- EXERCISE INSTRUCTIONS -
Below are records to reproduce in full; copy them exactly but keep the pictures out.

- TASK DATA -
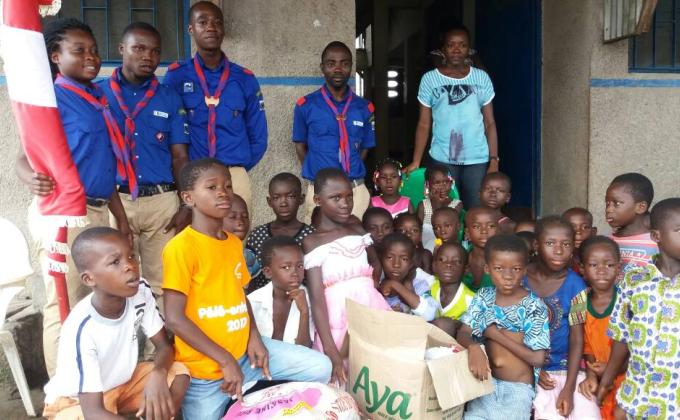 Remise de dons à un orphelinat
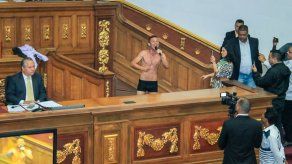 Diputado venezolano se desviste ante torturas a colega acusado de atentado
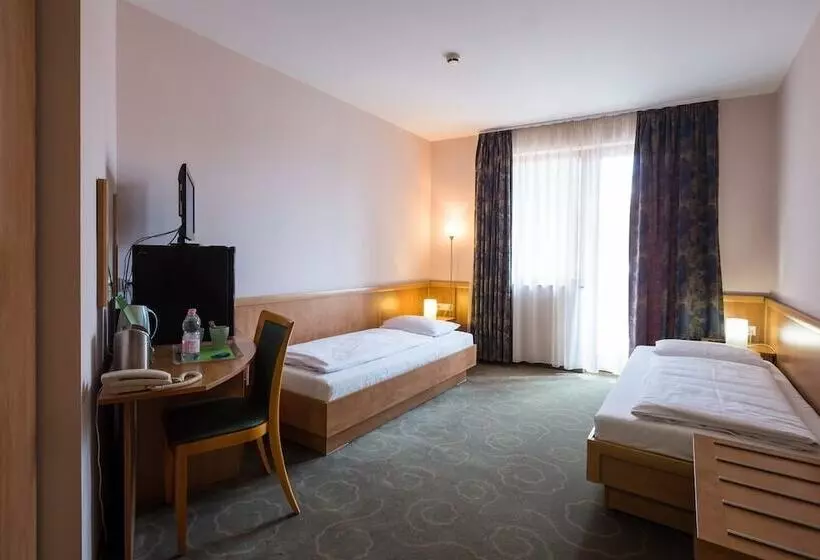 Standard-huone, Semiramis Business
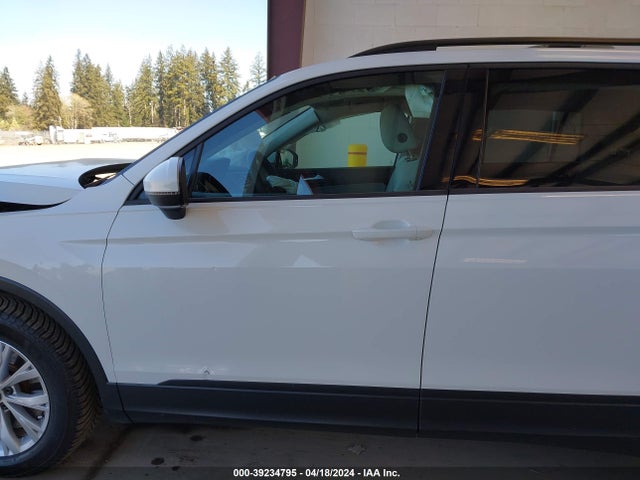 3VV0B7AX8JM017207 Volkswagen Tiguan 2.0t S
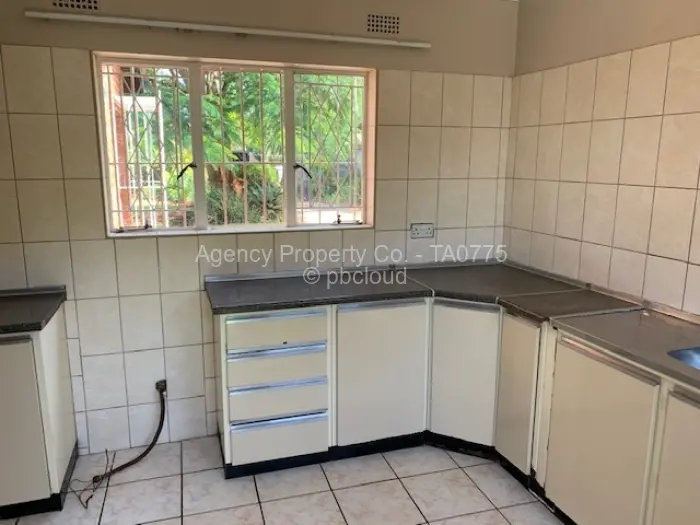 3 Bedroom House to Rent in Westgate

- OUTPUT OF THE EXERCISE -
 Remise de dons à un orphelinat
 Diputado venezolano se desviste ante torturas a colega acusado de atentado
 Standard-huone, Semiramis Business
 3VV0B7AX8JM017207 Volkswagen Tiguan 2.0t S
 3 Bedroom House to Rent in Westgate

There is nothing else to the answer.